Brief - Return the listing that follows exactly, with no pictures included.

+--

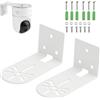 SIXHAOBU 2pcs Supporto Telecamera Staffa Universale Montaggio su Palo Verticale Staffa di Montaggio a Parete Accessori per Montaggio Telecamera Universale a Forma di L per Telecamera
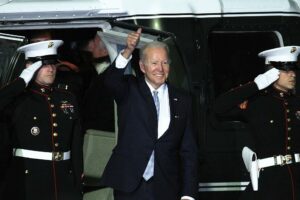 Joe Biden 2022 auf dem Münchner Flughafen (Archiv)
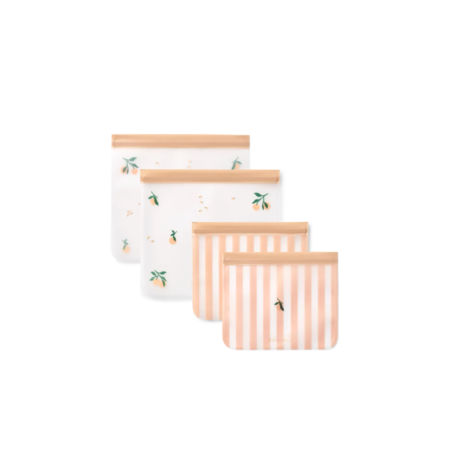 Liewood Zestaw Wielorazowych Woreczków Rebus Peach / Sea shell 4-Pak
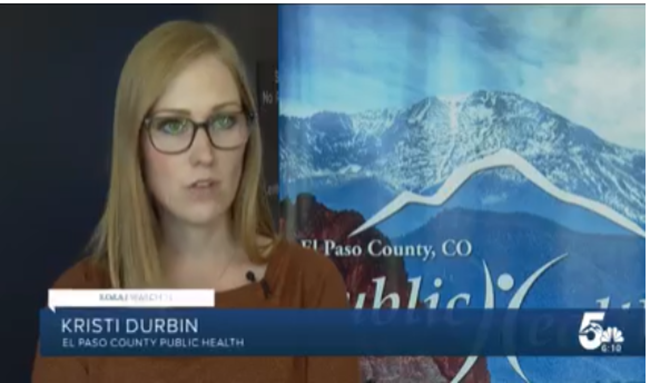 Picture of a woman on a tv.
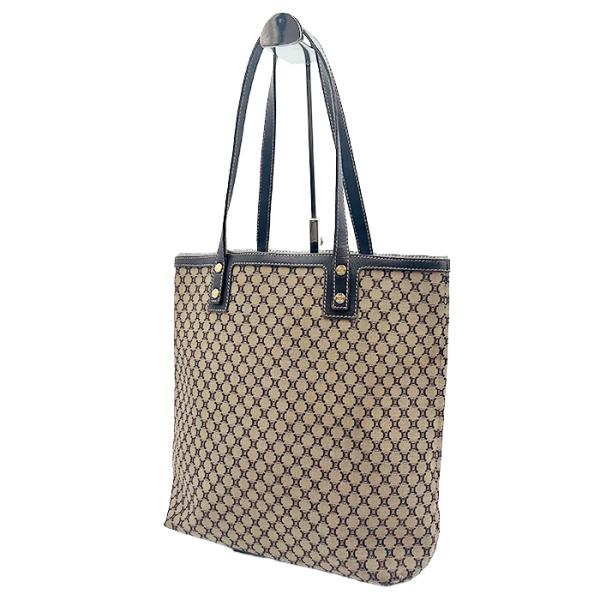 CELINE セリーヌ マカダム柄 トートバッグ ハンドバッグ ヴィンテージ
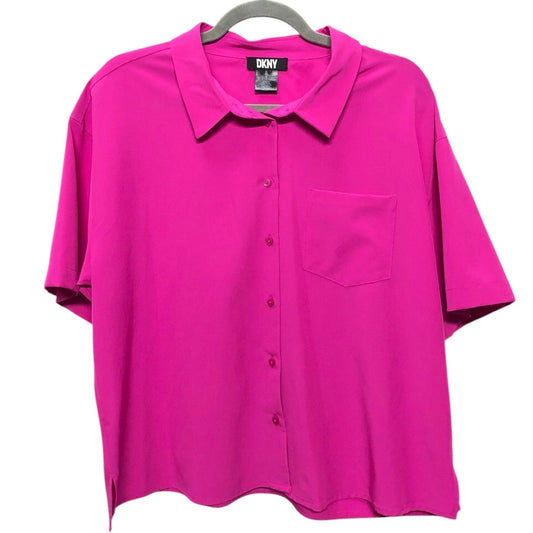 Top Ss By Dkny In Pink, Size:Xl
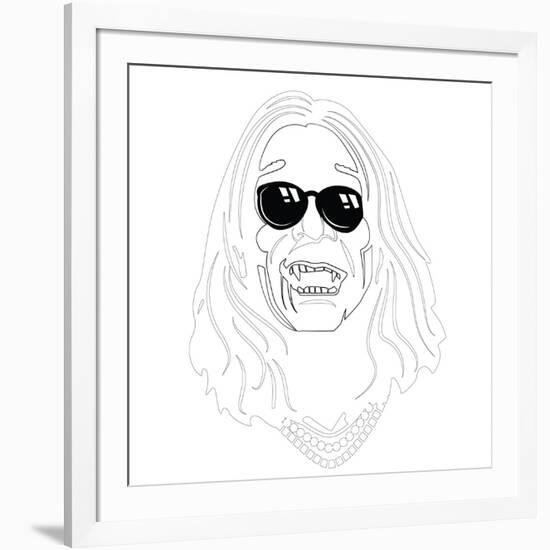 Ozzy Osbourne-Logan Huxley-Framed Art Print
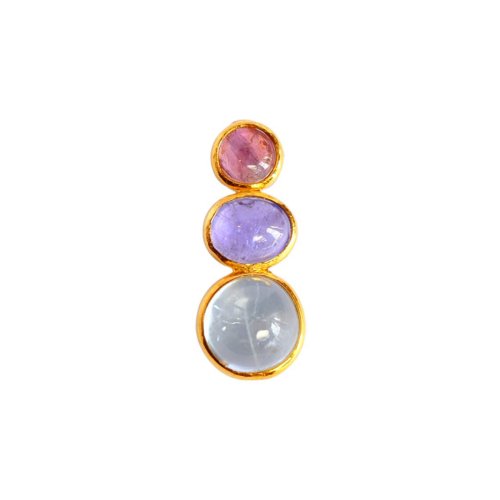 winter morning in 14 gold with aquamarine, tanzanite, tourmaline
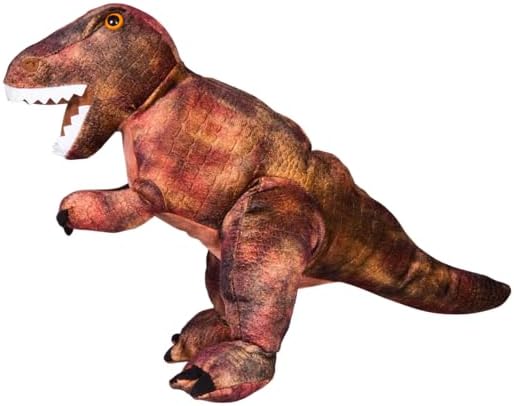 Miniatura 4 de PLUSH TOYS WONDERLAND Rex The T-Rex - Peluche jurásico de 16 pulgadas, el rey de los dinosaurios de peluche, regalos para Halloween, niños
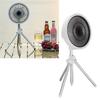 Camping Fan with Tripod 3 In 1 3 Speeds Oscillating Portable Standing Outdoor Fan with Light and Phone  R for Tent Fishing Picnic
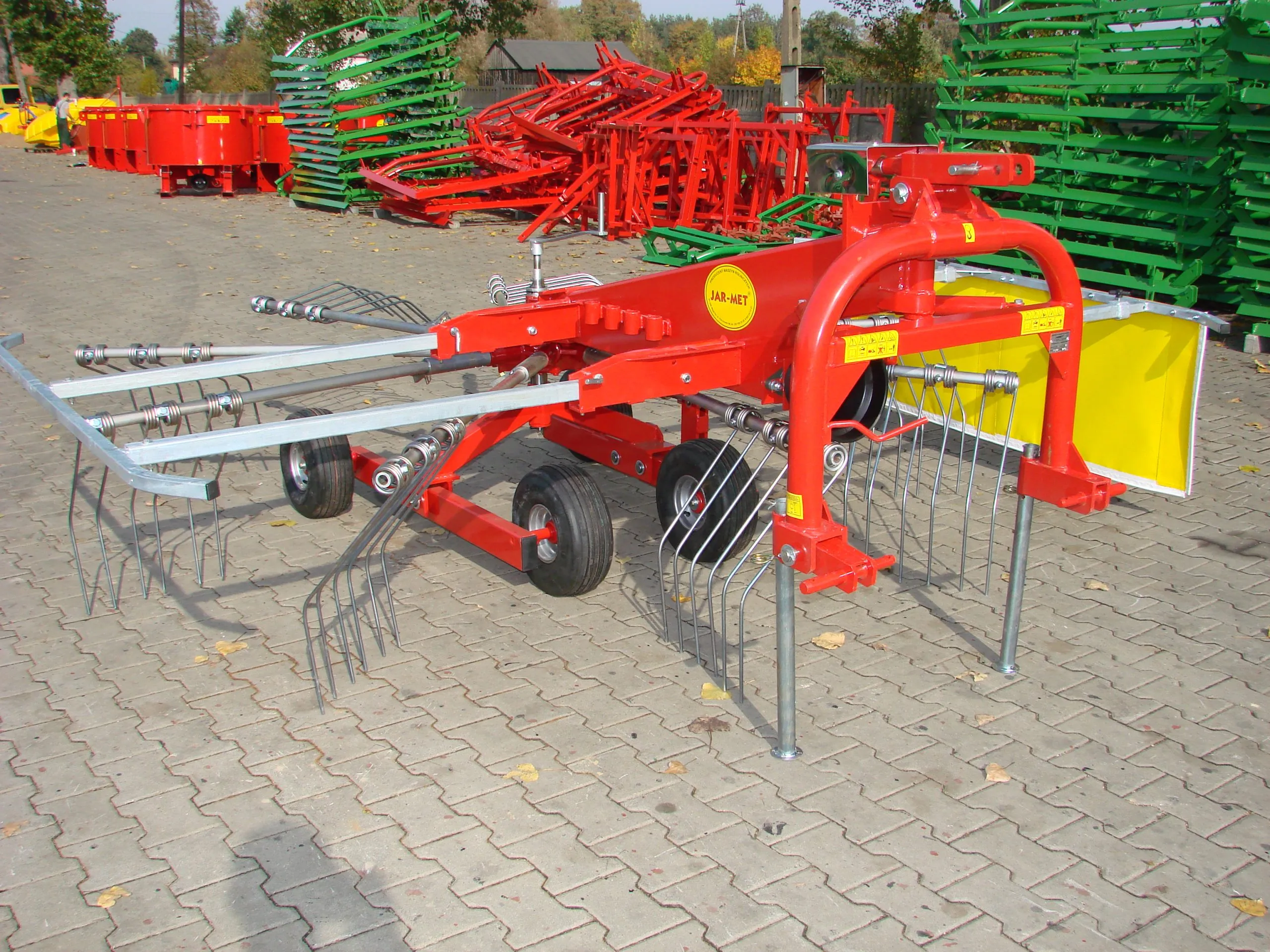 Jar-Met Z206 karhotin - 440cm / Telialustainen - UUSI - VIDEO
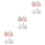 6 Pcs Unicorn Eye Patch Travel Plush White Face Goggles 5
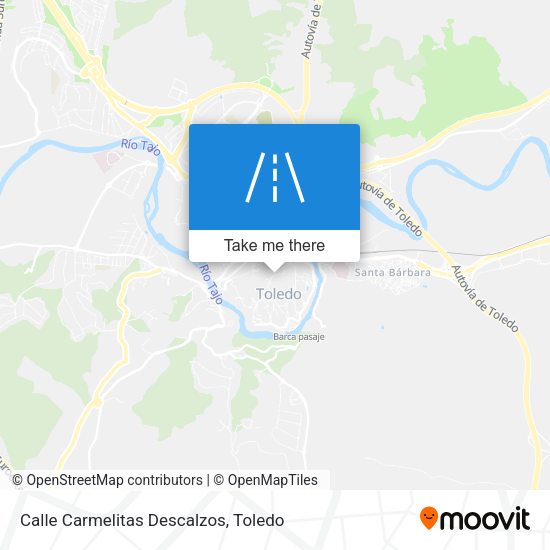 Calle Carmelitas Descalzos map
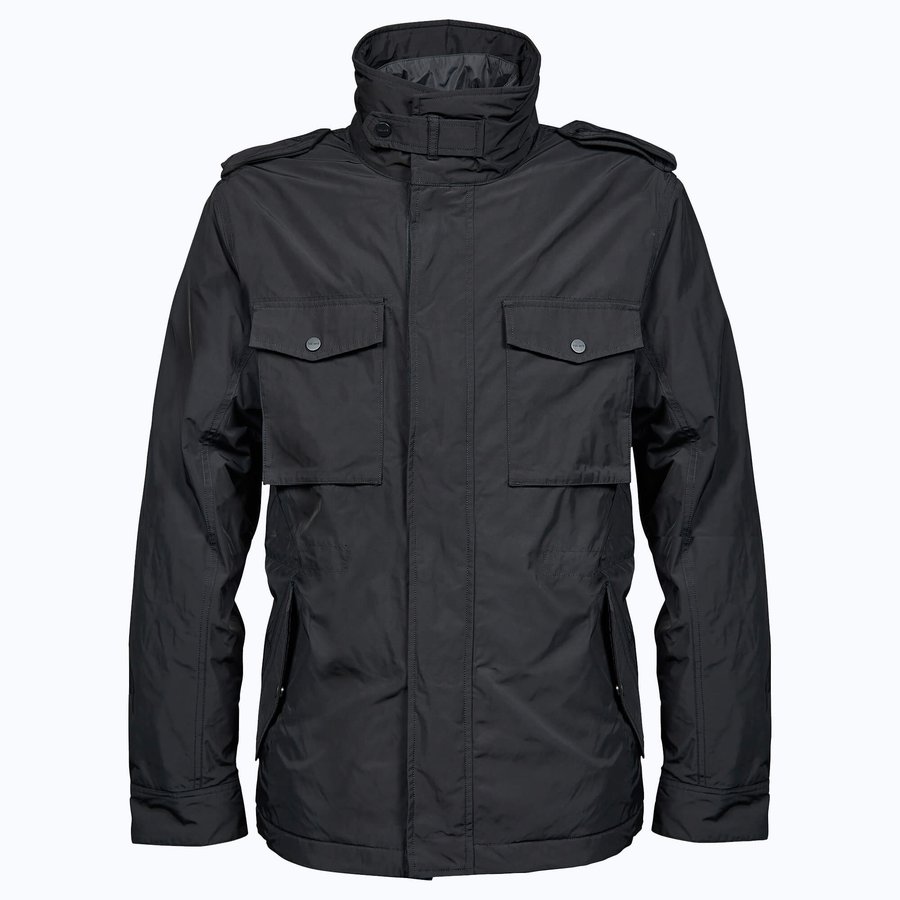 Tee Jays Twill-Jacke mit DuPont™-Wattierung, Black S, TJ9670N
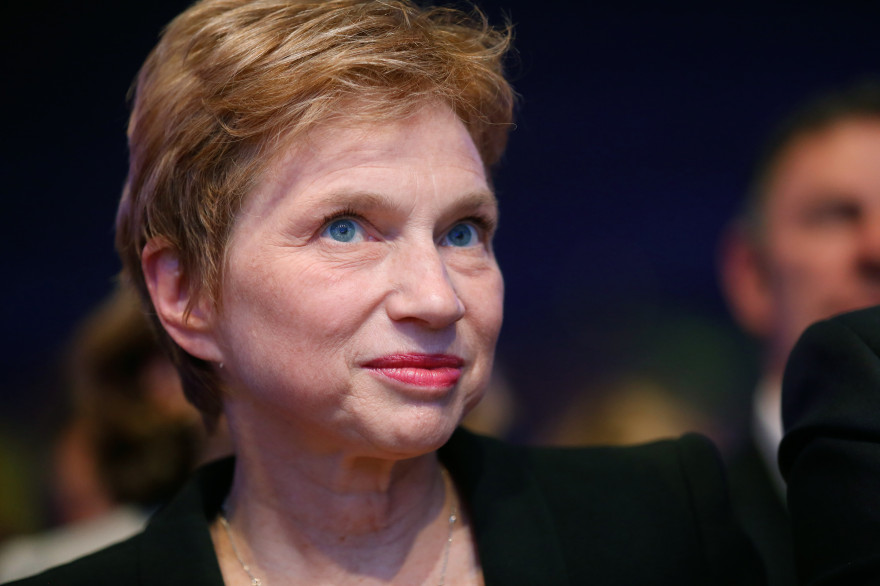 L'ancienne présidente du Medef Laurence Parisot le 24 mai 2014 (archives).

+--

Task result -
 SIXHAOBU 2pcs Supporto Telecamera Staffa Universale Montaggio su Palo Verticale Staffa di Montaggio a Parete Accessori per Montaggio Telecamera Universale a Forma di L per Telecamera
 Joe Biden 2022 auf dem Münchner Flughafen (Archiv)
 Liewood Zestaw Wielorazowych Woreczków Rebus Peach / Sea shell 4-Pak
 Picture of a woman on a tv.
 CELINE セリーヌ マカダム柄 トートバッグ ハンドバッグ ヴィンテージ
 Top Ss By Dkny In Pink, Size:Xl
 Ozzy Osbourne-Logan Huxley-Framed Art Print
 winter morning in 14 gold with aquamarine, tanzanite, tourmaline
 Miniatura 4 de PLUSH TOYS WONDERLAND Rex The T-Rex - Peluche jurásico de 16 pulgadas, el rey de los dinosaurios de peluche, regalos para Halloween, niños
 Camping Fan with Tripod 3 In 1 3 Speeds Oscillating Portable Standing Outdoor Fan with Light and Phone  R for Tent Fishing Picnic
 Jar-Met Z206 karhotin - 440cm / Telialustainen - UUSI - VIDEO
 6 Pcs Unicorn Eye Patch Travel Plush White Face Goggles 5
 Calle Carmelitas Descalzos map
 Tee Jays Twill-Jacke mit DuPont™-Wattierung, Black S, TJ9670N
 L'ancienne présidente du Medef Laurence Parisot le 24 mai 2014 (archives).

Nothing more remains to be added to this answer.